━━━ RECORDS FOR THIS TASK

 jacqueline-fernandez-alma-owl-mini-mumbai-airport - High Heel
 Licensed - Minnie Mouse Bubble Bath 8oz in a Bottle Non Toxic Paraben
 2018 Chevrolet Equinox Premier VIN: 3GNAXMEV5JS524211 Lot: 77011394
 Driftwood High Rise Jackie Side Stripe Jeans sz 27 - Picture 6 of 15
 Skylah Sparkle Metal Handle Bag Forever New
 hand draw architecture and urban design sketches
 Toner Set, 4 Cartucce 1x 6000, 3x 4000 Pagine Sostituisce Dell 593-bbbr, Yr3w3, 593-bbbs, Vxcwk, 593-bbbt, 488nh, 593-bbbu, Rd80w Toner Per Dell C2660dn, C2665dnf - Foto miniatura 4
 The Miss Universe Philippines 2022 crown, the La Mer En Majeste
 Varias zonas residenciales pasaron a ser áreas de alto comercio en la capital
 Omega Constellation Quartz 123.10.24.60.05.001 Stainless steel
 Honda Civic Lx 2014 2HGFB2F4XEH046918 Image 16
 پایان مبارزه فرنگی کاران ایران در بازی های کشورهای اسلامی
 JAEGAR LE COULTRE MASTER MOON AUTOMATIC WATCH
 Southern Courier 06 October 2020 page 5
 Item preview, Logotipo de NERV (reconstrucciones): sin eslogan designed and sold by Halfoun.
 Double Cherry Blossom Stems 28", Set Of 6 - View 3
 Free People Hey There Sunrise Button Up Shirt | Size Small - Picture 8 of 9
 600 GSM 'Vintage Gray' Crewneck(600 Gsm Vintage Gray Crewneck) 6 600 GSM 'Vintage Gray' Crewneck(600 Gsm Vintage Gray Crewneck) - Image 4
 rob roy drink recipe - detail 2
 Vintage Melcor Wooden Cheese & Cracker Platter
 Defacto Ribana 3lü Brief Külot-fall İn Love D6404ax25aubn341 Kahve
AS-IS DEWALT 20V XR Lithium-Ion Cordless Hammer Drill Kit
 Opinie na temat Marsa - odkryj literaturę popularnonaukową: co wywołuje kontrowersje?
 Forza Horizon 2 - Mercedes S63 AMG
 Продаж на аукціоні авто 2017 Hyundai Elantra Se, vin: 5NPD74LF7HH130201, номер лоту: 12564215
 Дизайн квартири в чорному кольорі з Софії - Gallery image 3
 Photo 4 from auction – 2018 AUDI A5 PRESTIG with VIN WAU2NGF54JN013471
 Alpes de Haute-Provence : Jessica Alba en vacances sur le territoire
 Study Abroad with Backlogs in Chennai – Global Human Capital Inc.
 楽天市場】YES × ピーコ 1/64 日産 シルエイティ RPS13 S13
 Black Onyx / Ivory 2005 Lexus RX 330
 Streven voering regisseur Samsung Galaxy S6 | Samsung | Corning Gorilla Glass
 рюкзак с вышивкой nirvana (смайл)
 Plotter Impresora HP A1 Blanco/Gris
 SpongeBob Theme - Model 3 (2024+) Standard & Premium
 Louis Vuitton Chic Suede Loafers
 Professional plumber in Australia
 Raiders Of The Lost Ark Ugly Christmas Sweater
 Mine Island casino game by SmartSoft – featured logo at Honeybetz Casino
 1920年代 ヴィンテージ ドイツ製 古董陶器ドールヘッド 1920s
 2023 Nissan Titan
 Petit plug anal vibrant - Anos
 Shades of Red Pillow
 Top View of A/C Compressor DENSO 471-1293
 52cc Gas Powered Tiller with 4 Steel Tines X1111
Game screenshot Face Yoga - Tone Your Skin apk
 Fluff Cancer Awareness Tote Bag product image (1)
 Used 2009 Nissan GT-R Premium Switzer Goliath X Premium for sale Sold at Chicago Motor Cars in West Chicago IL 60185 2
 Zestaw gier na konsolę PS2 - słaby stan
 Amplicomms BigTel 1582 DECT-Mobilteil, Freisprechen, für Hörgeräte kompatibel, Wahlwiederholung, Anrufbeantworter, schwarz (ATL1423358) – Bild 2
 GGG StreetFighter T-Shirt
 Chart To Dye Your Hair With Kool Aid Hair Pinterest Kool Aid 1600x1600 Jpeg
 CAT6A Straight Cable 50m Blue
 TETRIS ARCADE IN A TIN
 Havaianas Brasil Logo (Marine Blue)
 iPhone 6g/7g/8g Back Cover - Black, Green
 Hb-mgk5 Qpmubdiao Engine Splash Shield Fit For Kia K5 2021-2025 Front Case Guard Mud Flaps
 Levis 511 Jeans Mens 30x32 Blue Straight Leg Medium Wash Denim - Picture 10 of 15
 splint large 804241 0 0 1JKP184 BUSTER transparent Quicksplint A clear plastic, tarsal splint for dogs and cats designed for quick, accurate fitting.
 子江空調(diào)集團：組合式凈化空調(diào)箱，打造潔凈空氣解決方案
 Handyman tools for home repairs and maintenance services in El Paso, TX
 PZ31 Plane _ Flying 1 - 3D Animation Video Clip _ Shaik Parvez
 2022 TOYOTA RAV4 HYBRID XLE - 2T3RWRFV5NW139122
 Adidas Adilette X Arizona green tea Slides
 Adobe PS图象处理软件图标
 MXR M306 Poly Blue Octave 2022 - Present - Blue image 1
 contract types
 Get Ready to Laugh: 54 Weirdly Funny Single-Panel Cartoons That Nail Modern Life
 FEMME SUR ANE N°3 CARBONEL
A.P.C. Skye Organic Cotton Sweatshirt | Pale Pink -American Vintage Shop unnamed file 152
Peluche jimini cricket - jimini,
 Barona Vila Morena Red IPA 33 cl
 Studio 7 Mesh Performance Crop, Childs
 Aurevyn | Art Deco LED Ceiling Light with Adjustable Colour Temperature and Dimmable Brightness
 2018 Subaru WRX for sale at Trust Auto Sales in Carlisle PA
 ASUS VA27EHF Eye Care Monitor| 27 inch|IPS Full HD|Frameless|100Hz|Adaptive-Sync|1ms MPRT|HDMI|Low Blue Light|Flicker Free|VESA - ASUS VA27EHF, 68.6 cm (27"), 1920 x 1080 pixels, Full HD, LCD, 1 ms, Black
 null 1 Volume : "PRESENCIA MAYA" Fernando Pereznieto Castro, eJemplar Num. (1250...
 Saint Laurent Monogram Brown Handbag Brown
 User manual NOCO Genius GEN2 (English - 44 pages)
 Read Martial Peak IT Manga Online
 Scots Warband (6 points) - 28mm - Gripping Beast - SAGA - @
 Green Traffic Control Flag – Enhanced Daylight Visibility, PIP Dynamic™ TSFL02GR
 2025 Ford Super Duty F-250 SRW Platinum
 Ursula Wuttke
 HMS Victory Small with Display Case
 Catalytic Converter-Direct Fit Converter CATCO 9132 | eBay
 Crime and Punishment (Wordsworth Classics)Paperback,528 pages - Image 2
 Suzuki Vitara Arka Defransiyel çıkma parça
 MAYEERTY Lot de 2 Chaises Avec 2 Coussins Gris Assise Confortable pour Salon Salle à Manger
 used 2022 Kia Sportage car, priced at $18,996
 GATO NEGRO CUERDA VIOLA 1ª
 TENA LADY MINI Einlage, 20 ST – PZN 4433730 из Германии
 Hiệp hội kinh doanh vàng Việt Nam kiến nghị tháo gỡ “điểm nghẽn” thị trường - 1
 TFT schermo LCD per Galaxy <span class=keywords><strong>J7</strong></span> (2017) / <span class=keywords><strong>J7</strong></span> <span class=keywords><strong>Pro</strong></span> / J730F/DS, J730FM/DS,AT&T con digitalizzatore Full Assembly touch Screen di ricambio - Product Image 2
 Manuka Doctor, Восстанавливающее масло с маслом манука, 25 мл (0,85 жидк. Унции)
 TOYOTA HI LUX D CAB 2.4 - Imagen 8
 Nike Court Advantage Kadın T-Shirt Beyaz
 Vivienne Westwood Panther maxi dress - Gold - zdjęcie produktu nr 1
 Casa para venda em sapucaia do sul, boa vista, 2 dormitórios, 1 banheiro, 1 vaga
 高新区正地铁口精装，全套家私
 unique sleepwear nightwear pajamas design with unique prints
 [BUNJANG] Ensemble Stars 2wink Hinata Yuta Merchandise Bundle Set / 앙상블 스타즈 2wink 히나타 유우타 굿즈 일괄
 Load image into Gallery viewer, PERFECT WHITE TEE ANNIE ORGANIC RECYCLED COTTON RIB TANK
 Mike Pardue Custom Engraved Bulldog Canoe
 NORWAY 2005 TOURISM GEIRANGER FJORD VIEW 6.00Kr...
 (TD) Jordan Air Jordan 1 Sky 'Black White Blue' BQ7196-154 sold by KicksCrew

━━━━━━

WORK ITEM:
Your answer should be the lines above, from the line containing "Honda Civic Lx" up to and including the line containing "Louis Vuitton Chic Suede Loafers", reproduced exactly and with nothing else.

WRITTEN SOLUTION:
 Honda Civic Lx 2014 2HGFB2F4XEH046918 Image 16
 پایان مبارزه فرنگی کاران ایران در بازی های کشورهای اسلامی
 JAEGAR LE COULTRE MASTER MOON AUTOMATIC WATCH
 Southern Courier 06 October 2020 page 5
 Item preview, Logotipo de NERV (reconstrucciones): sin eslogan designed and sold by Halfoun.
 Double Cherry Blossom Stems 28", Set Of 6 - View 3
 Free People Hey There Sunrise Button Up Shirt | Size Small - Picture 8 of 9
 600 GSM 'Vintage Gray' Crewneck(600 Gsm Vintage Gray Crewneck) 6 600 GSM 'Vintage Gray' Crewneck(600 Gsm Vintage Gray Crewneck) - Image 4
 rob roy drink recipe - detail 2
 Vintage Melcor Wooden Cheese & Cracker Platter
 Defacto Ribana 3lü Brief Külot-fall İn Love D6404ax25aubn341 Kahve
AS-IS DEWALT 20V XR Lithium-Ion Cordless Hammer Drill Kit
 Opinie na temat Marsa - odkryj literaturę popularnonaukową: co wywołuje kontrowersje?
 Forza Horizon 2 - Mercedes S63 AMG
 Продаж на аукціоні авто 2017 Hyundai Elantra Se, vin: 5NPD74LF7HH130201, номер лоту: 12564215
 Дизайн квартири в чорному кольорі з Софії - Gallery image 3
 Photo 4 from auction – 2018 AUDI A5 PRESTIG with VIN WAU2NGF54JN013471
 Alpes de Haute-Provence : Jessica Alba en vacances sur le territoire
 Study Abroad with Backlogs in Chennai – Global Human Capital Inc.
 楽天市場】YES × ピーコ 1/64 日産 シルエイティ RPS13 S13
 Black Onyx / Ivory 2005 Lexus RX 330
 Streven voering regisseur Samsung Galaxy S6 | Samsung | Corning Gorilla Glass
 рюкзак с вышивкой nirvana (смайл)
 Plotter Impresora HP A1 Blanco/Gris
 SpongeBob Theme - Model 3 (2024+) Standard & Premium
 Louis Vuitton Chic Suede Loafers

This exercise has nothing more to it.